> **Work request**: Everything from the line with "Can - Am 2024+" down to the line with "Avlabari Apartment |" below must be printed exactly, those two lines included. Exclude pictures.

> **Material to process**:

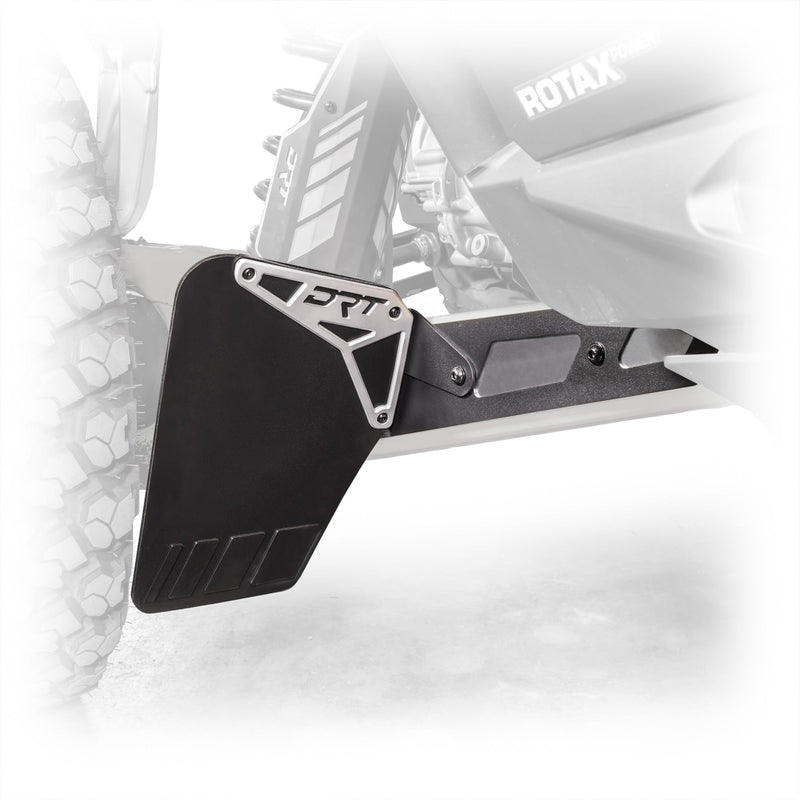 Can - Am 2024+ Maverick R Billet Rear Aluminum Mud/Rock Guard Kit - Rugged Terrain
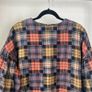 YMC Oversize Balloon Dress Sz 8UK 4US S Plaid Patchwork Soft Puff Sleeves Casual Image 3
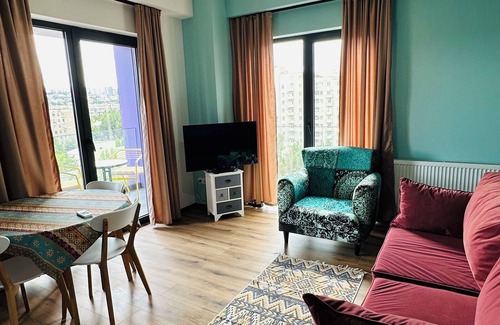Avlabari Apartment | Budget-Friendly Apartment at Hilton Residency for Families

--

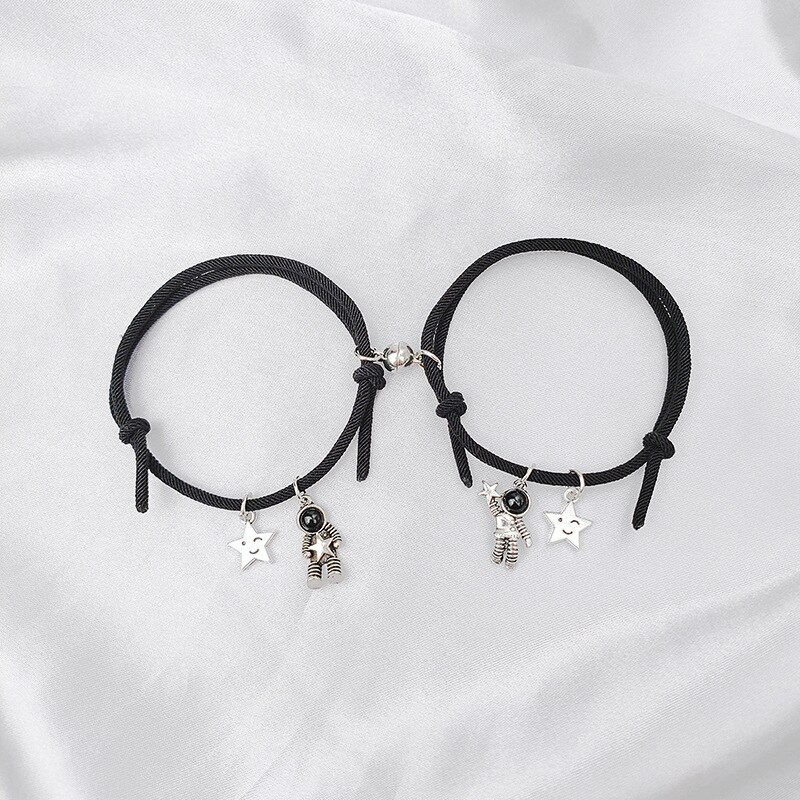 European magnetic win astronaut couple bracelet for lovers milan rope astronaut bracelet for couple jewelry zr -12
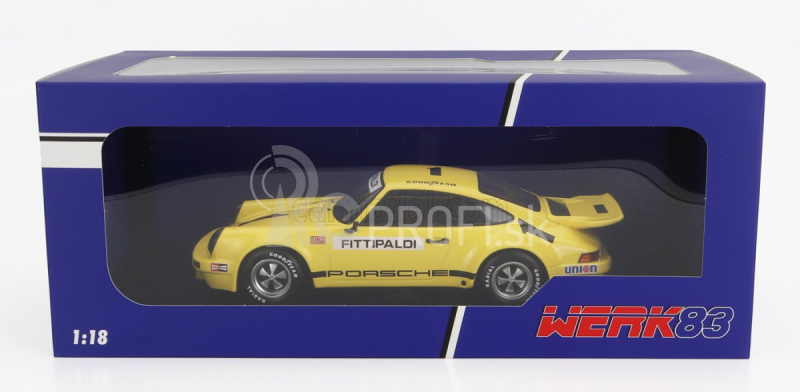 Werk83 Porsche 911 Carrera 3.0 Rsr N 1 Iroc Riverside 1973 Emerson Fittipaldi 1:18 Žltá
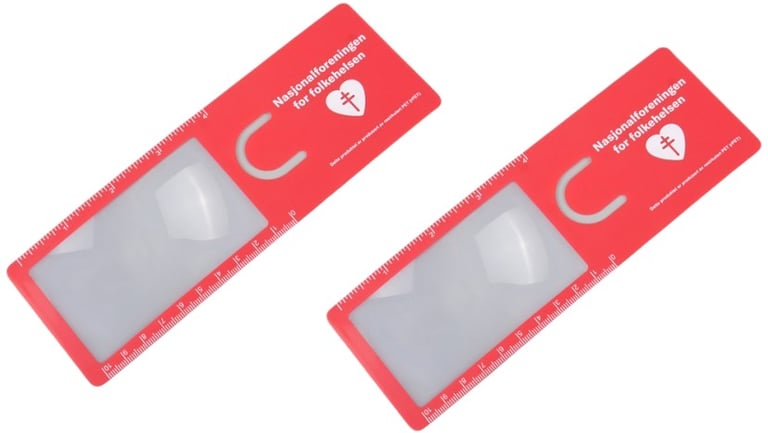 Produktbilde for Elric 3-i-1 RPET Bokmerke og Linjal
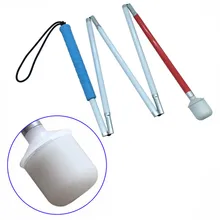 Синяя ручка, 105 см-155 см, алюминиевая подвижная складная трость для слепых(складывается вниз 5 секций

--

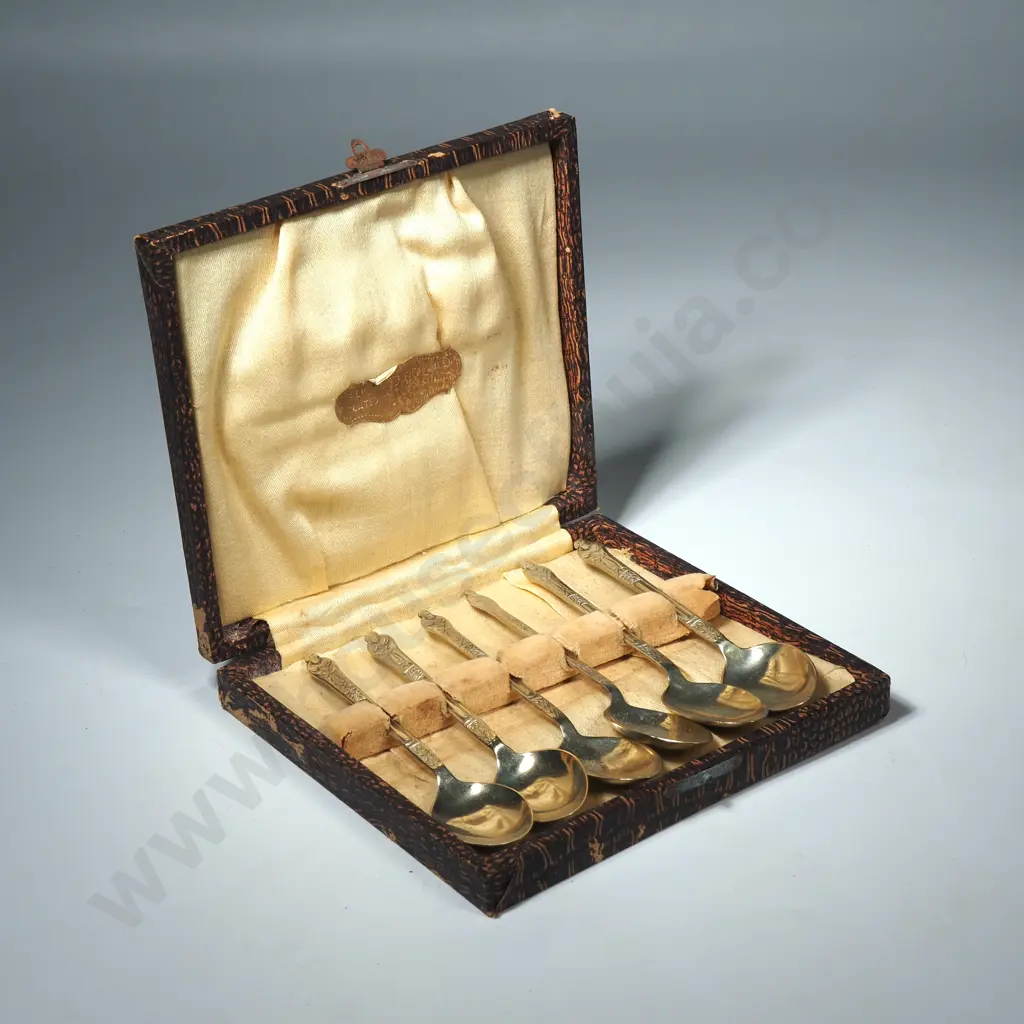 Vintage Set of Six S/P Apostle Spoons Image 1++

> **Reply to the exercise**:
 Can - Am 2024+ Maverick R Billet Rear Aluminum Mud/Rock Guard Kit - Rugged Terrain
 YMC Oversize Balloon Dress Sz 8UK 4US S Plaid Patchwork Soft Puff Sleeves Casual Image 3
Avlabari Apartment | Budget-Friendly Apartment at Hilton Residency for Families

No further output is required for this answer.